About this task:
The lines from the one containing "Uncovering the Truth" through the last line below, both ends included, must be reproduced exactly, with no pictures.

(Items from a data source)
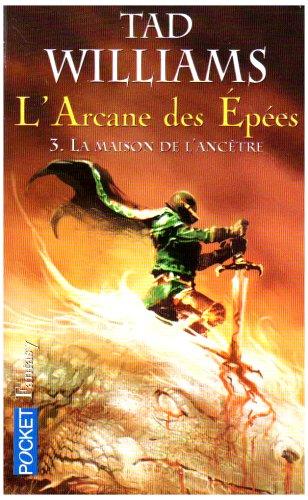 L'arcane des épées. Vol. 3. La maison de l'ancêtre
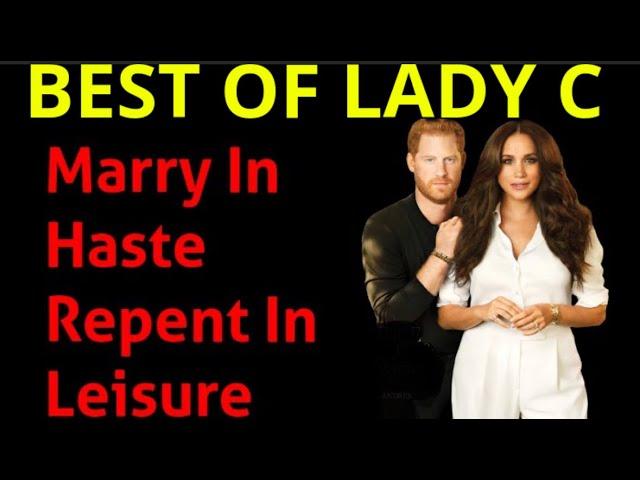 Uncovering the Truth Behind Meghan and Harry: Lady C's Deep Dive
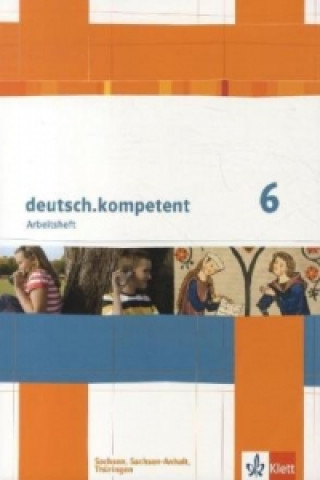 Könyv deutsch.kompetent 6. Ausgabe Sachsen, Sachsen-Anhalt, Thüringen 
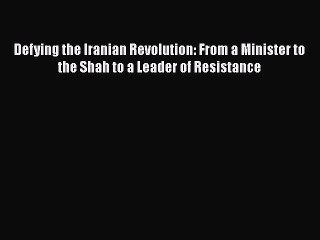 Read Book Defying the Iranian Revolution: From a Minister to the Shah to a Leader of Resistance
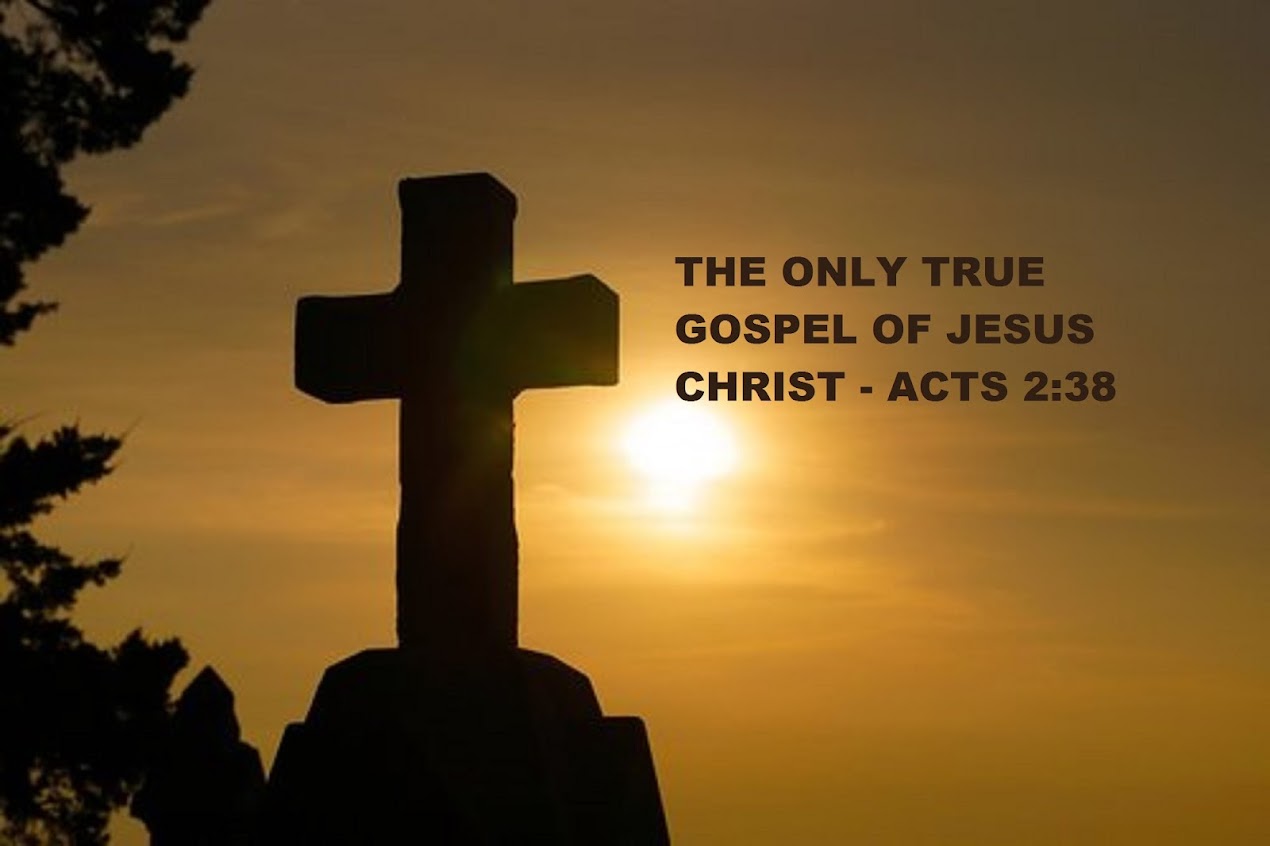 THE ONLY TRUE GOSPEL OF JESUS CHRIST - ACTS 2:38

Written answer:
 Uncovering the Truth Behind Meghan and Harry: Lady C's Deep Dive
 Könyv deutsch.kompetent 6. Ausgabe Sachsen, Sachsen-Anhalt, Thüringen 
 Read Book Defying the Iranian Revolution: From a Minister to the Shah to a Leader of Resistance
 THE ONLY TRUE GOSPEL OF JESUS CHRIST - ACTS 2:38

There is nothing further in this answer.